[Start of section]
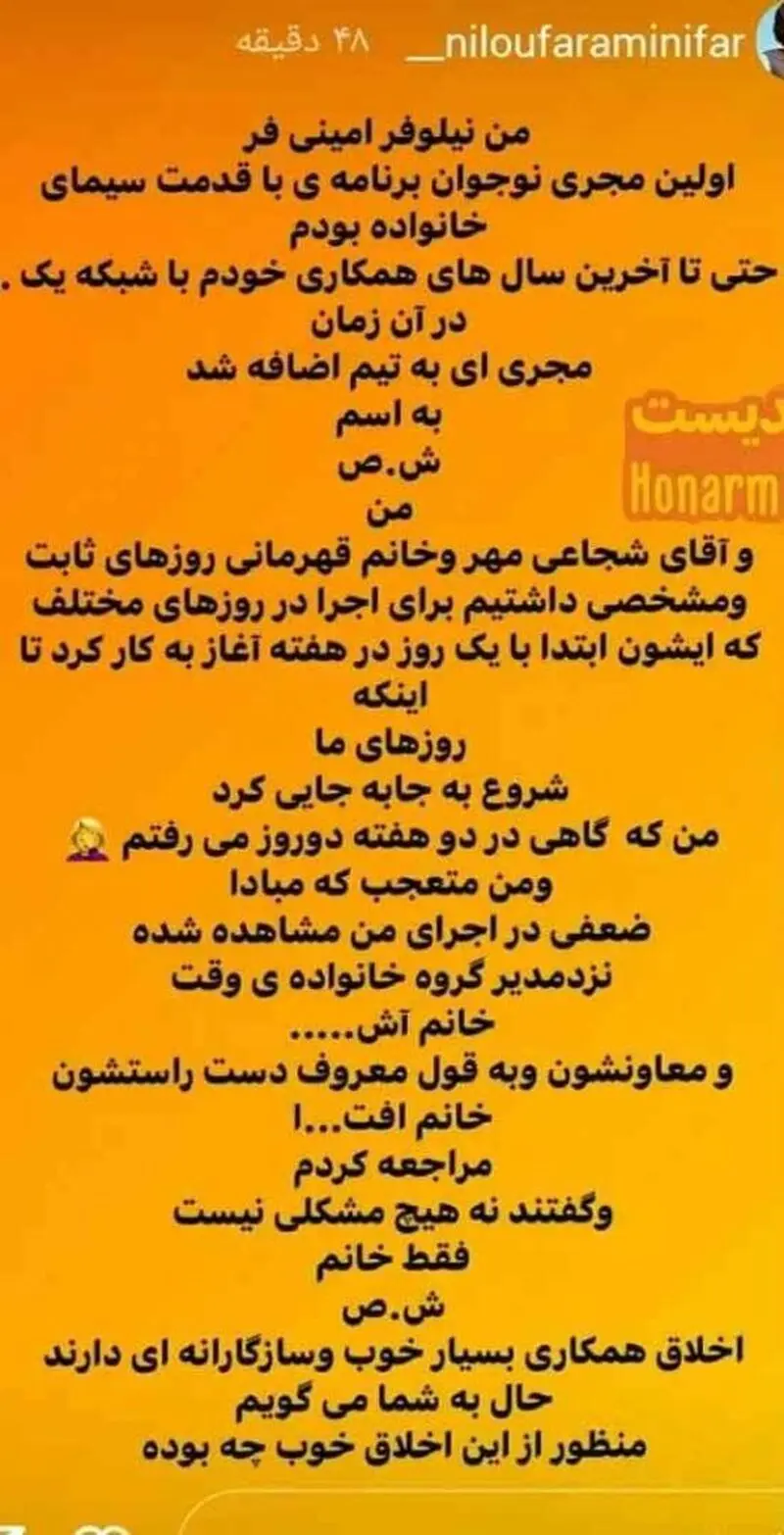 مجریان صدا و سیما
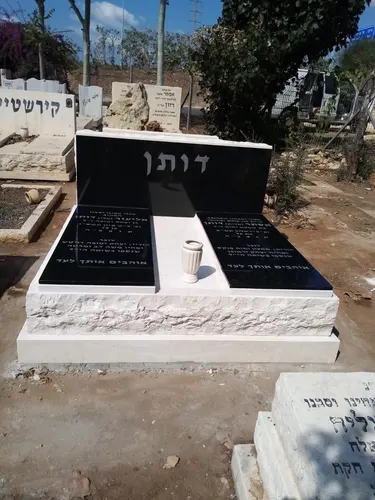 מק'ט 762. מצבה כפולה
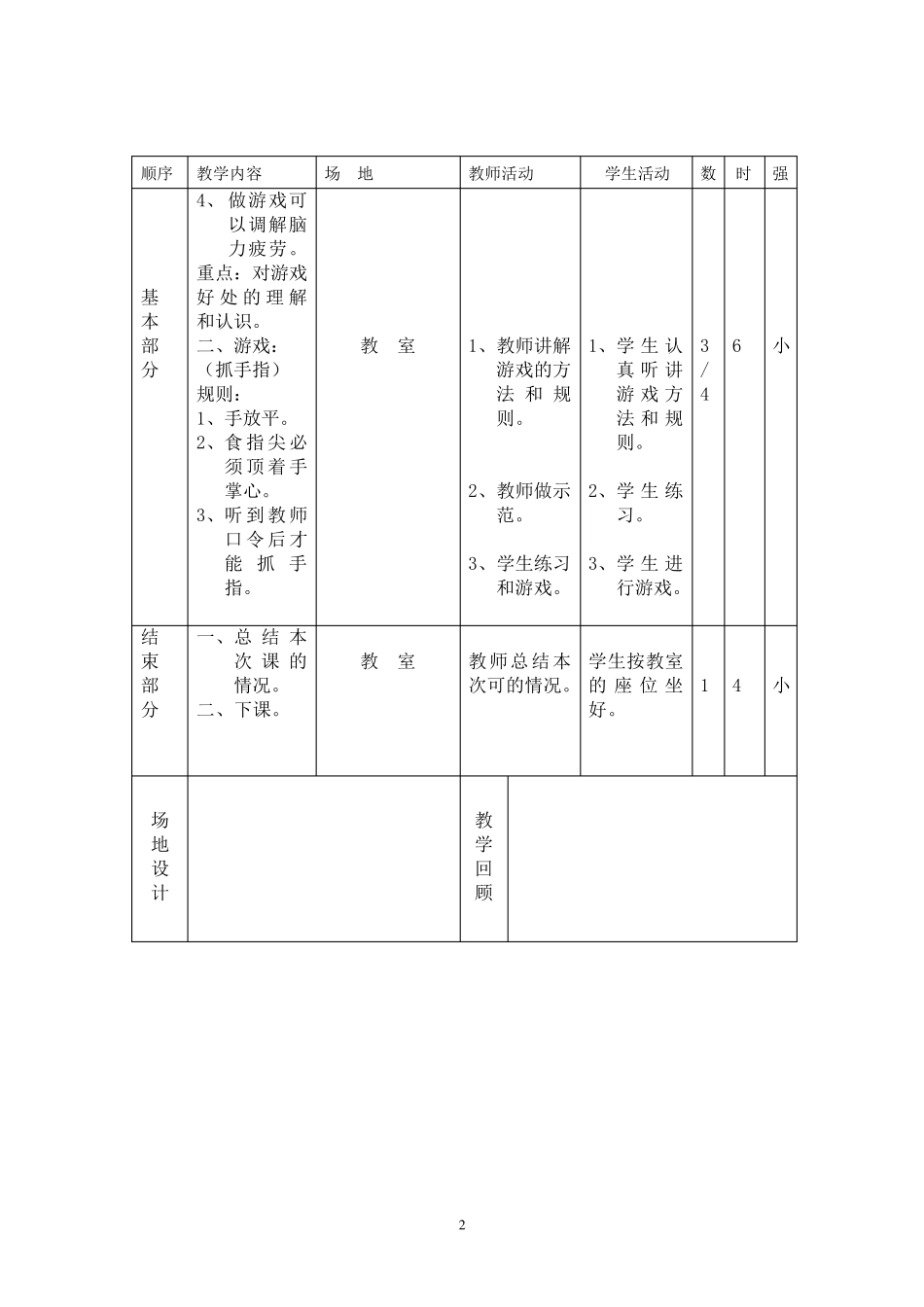 人教版小学四年级体育上册全册教案_第3页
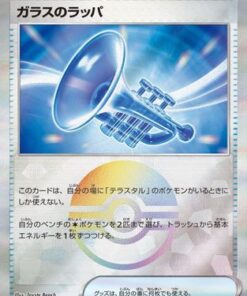 Glass Trumpet 140/187 Pokeball Japanese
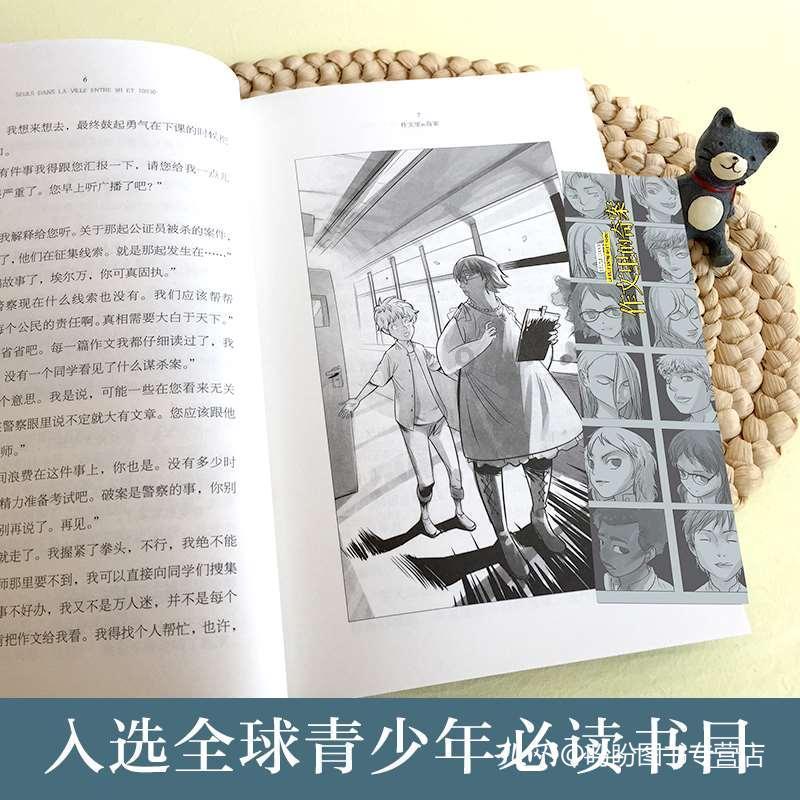 逃离空旷大街4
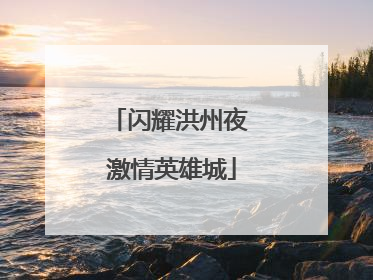 闪耀洪州夜 激情英雄城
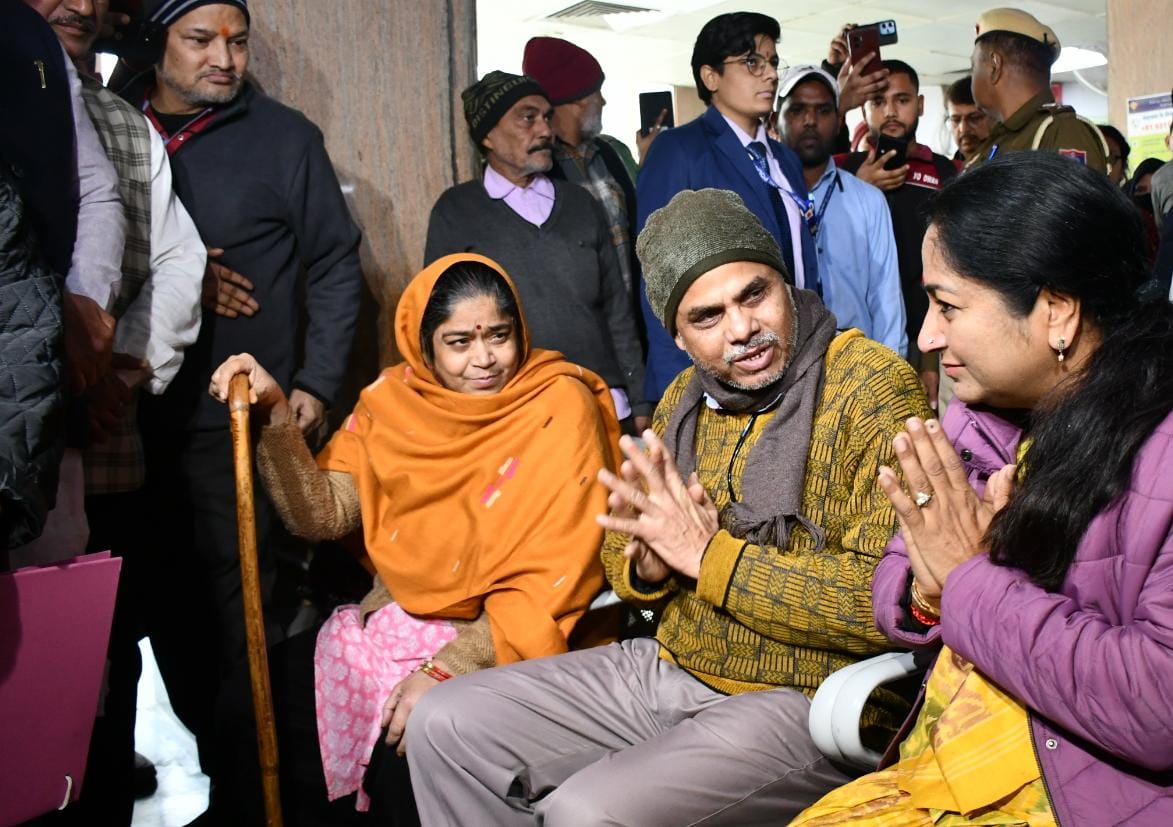 WhatsApp Image 2025-12-24 at 11.44.11 AM (1)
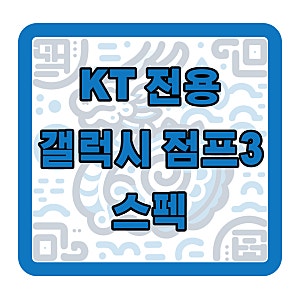 KT 전용 갤럭시 점프3 스펙 최저가 이용하는 법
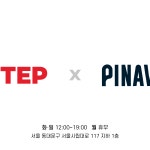 원스텝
[End of section]
=== Task objective ===
Produce the material above again in full, with identical lines and no pictures.

=== Problem solution ===
 مجریان صدا و سیما
 מק'ט 762. מצבה כפולה
 人教版小学四年级体育上册全册教案_第3页
 Glass Trumpet 140/187 Pokeball Japanese
 逃离空旷大街4
 闪耀洪州夜 激情英雄城
 WhatsApp Image 2025-12-24 at 11.44.11 AM (1)
 KT 전용 갤럭시 점프3 스펙 최저가 이용하는 법
 원스텝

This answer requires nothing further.